Edit: I agree with the top poster, I was expecting more in-depth analysis when
I hit the link. But voting up a follow-up story to someone who was just highly
featured in the community is not exactly an inexplicable response.

------
ShabbyDoo
A couple of years ago, a couple of prescription drug addicts stole some lawn
tools and GPSes from our unfortunately unlocked garage. The local police (we
live in a relatively affluent suburb) ended up coordinating with other local
police departments and eventually caught the thieves. The police office I
worked with thought that these same two guys were likely responsible for over
a hundred similar property crimes. One is now in prison, and I'm not sure
about the other guy. Unfortunately, my specific loss was not one for which
they were prosecuted. Otherwise, I think I could make a claim against the 37
cents/hour (or whatever) those guys are paid in prison.

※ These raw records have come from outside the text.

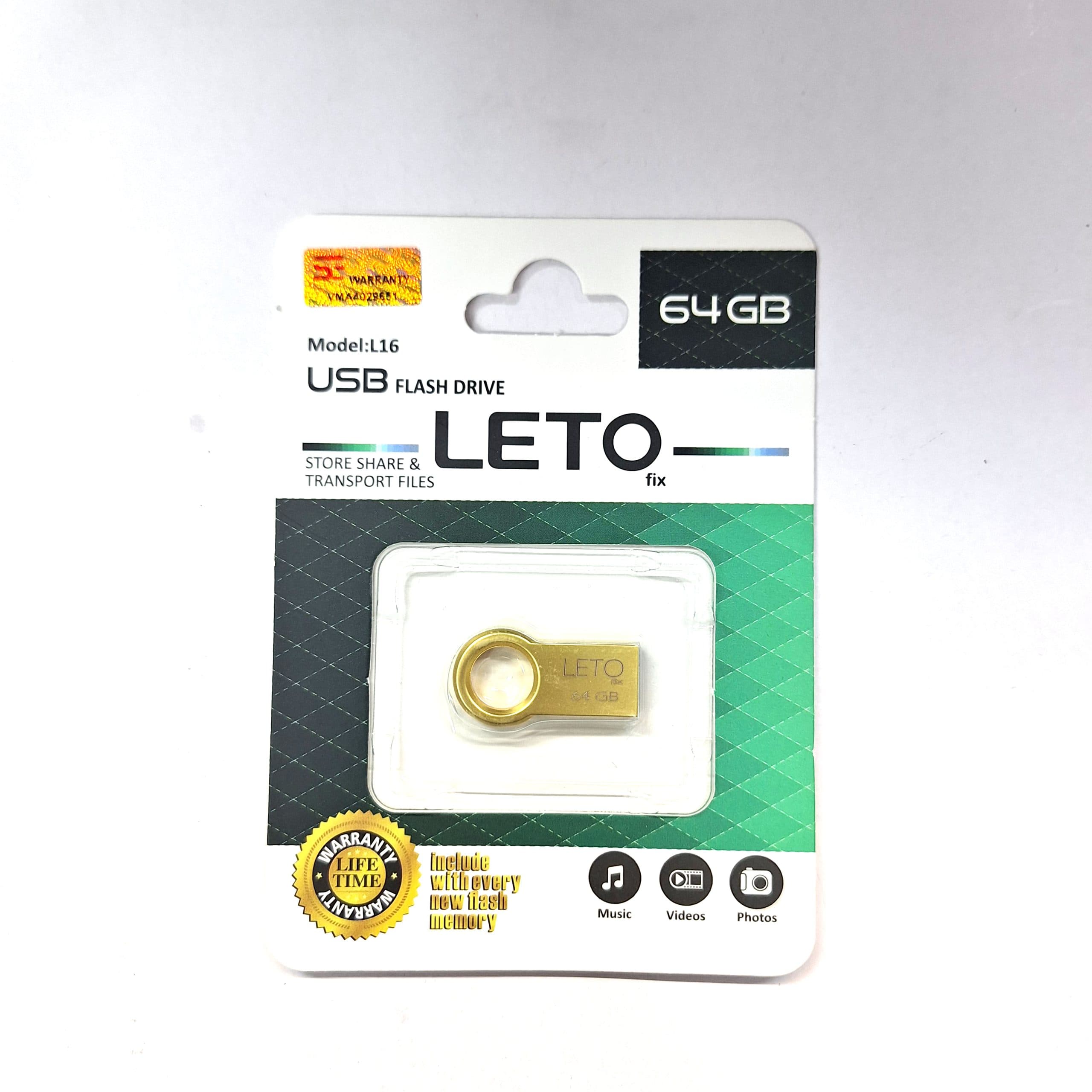 فلش لتو 64گیگ مدل L16 کد 7567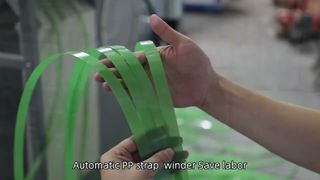 Produkcja taśm PET z pojedynczą śrubą Mahine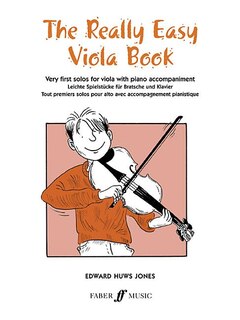 Front cover_The Really Easy Viola Book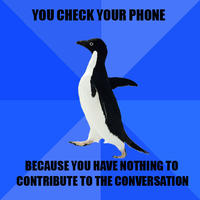 Socially Awkward Penguin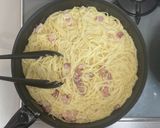 全卵de濃厚カルボナーラ作り方5写真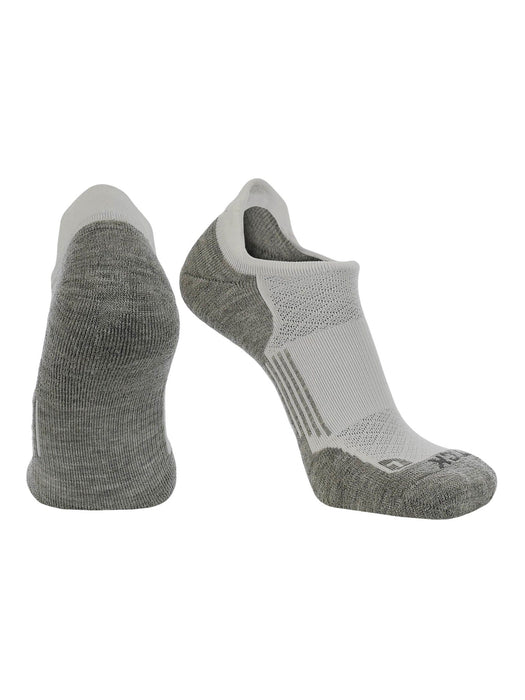 TCK White/Grey / Large The Tour Golf Socks for Men and Women's No Show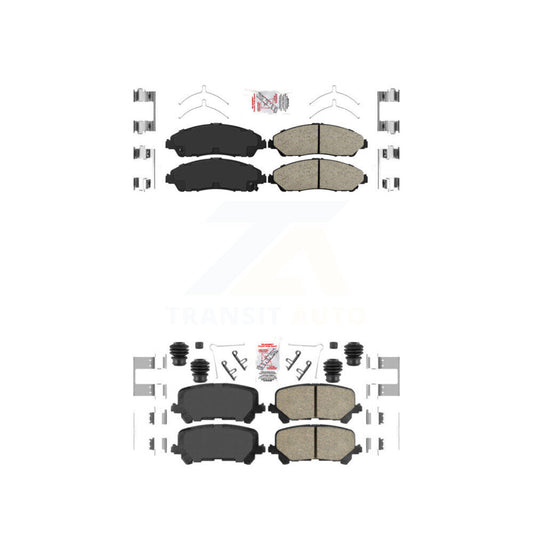 Brake Pads Kit-KNF-101408 - Kit.bestparts.ca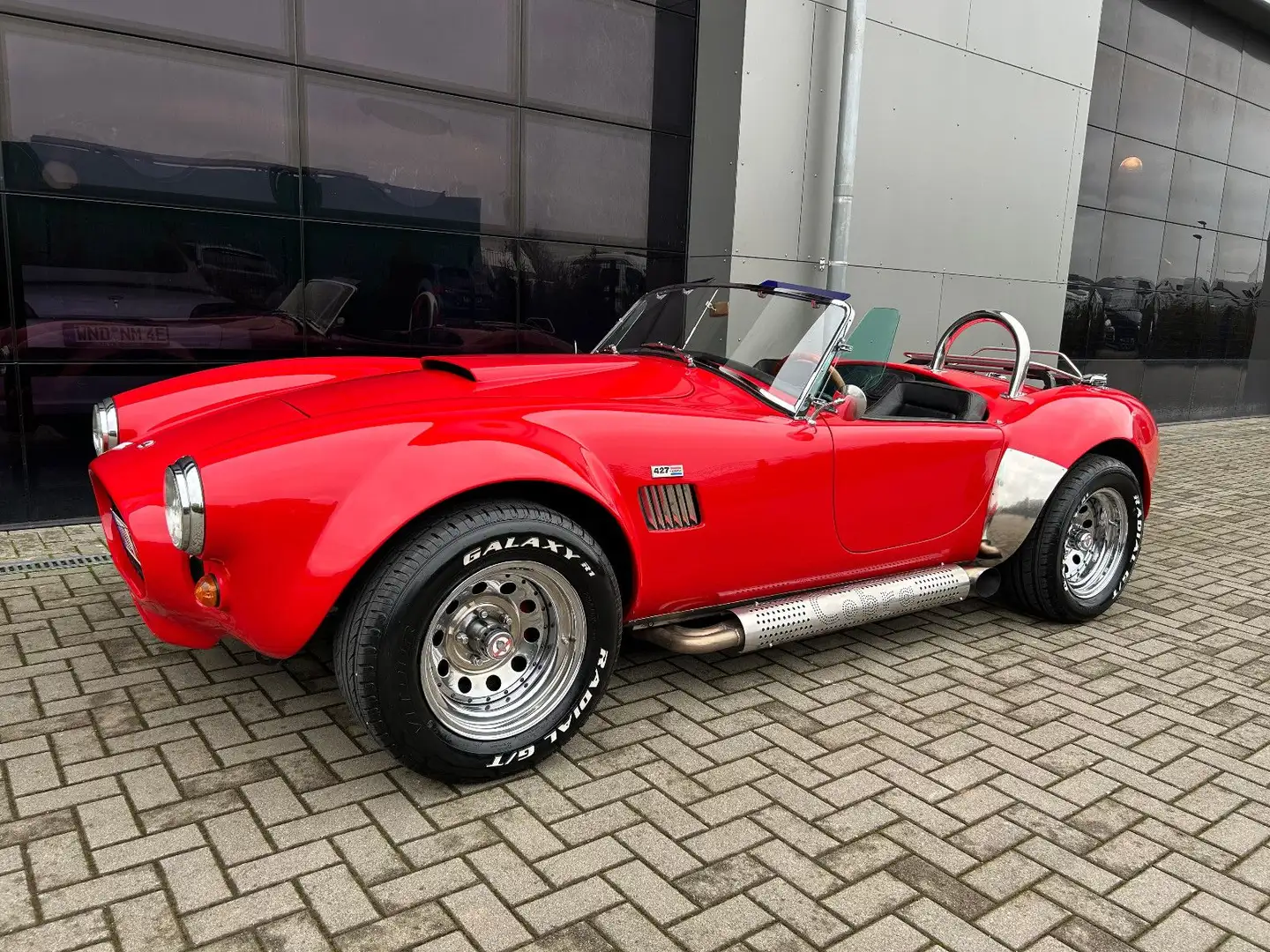 AC Sonstige Shelby Cobra 427 Replika 3.Hd. Mercedes 4.5 V8 Rot - 1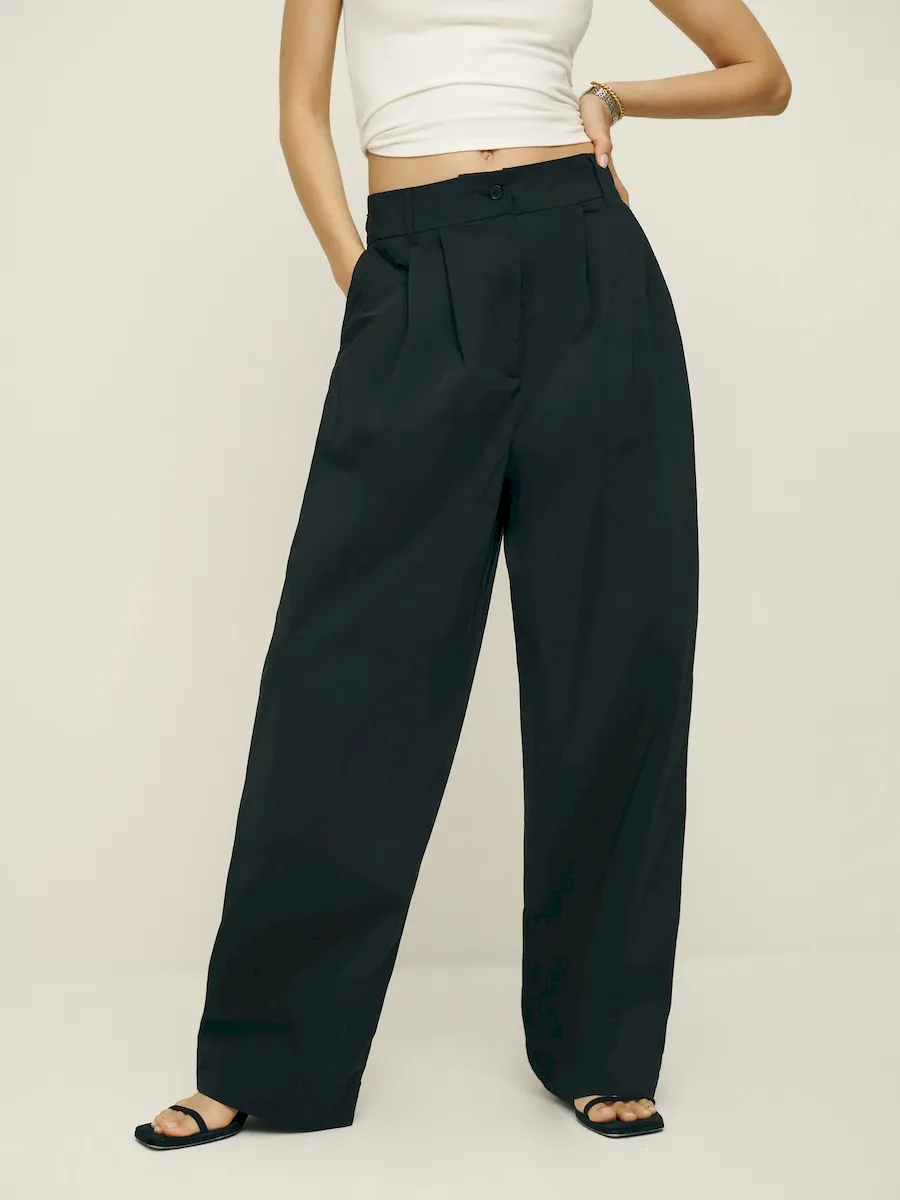 Petites Danielle Oversized Pant - Image 2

I'm told that the 80/20 rule applies to petty crime -- a handful of semi-pro
thieves are responsible for a majority of the thefts. Given this, it seems
that catching a few people who steal laptops, bikes, purses, etc. would
actually have a significant impact on local crime levels. A problem with my
particular case is that the thieves had already gotten rid of most of the
stuff they had stolen, so proving in court that they had committed the crime
would have been difficult. How viable of a start-up idea it would be to create
"bait" laptops? The company would offer a turnkey service to law enforcement
agencies. A special laptop would be provided to the police. It would appear
normal at first glance but would record audio (and video?) and transmit GPS
locations via a cellular connection. The police would place this laptop in an
unlocked vehicle and leave. When the laptop moved, they would be notified via
services provided by the start-up. From there, the police could either
apprehend the thieves quickly or wait to see where they took the laptop (to
get probable cause for a search warrant?). The back-end system would then
produce court-ready evidence for the prosecution -- printable maps of
activity, times, etc. Perhaps audio/video snippets ready to be played in
court?

I did some quick Googling and could not find such a service. I wonder how one
goes about selling to law enforcement agencies? Would they be able to make a
purchase without 17 visits from a sales rep? Is this even a viable product?
Thinking about my own community, I would love to hear about my police
department working to reduce random crimes like these. There have been a
couple of murders since we moved here a few years ago, but those have both
been committed by family members of the victim. My greatest local crime risk
is petty property theft.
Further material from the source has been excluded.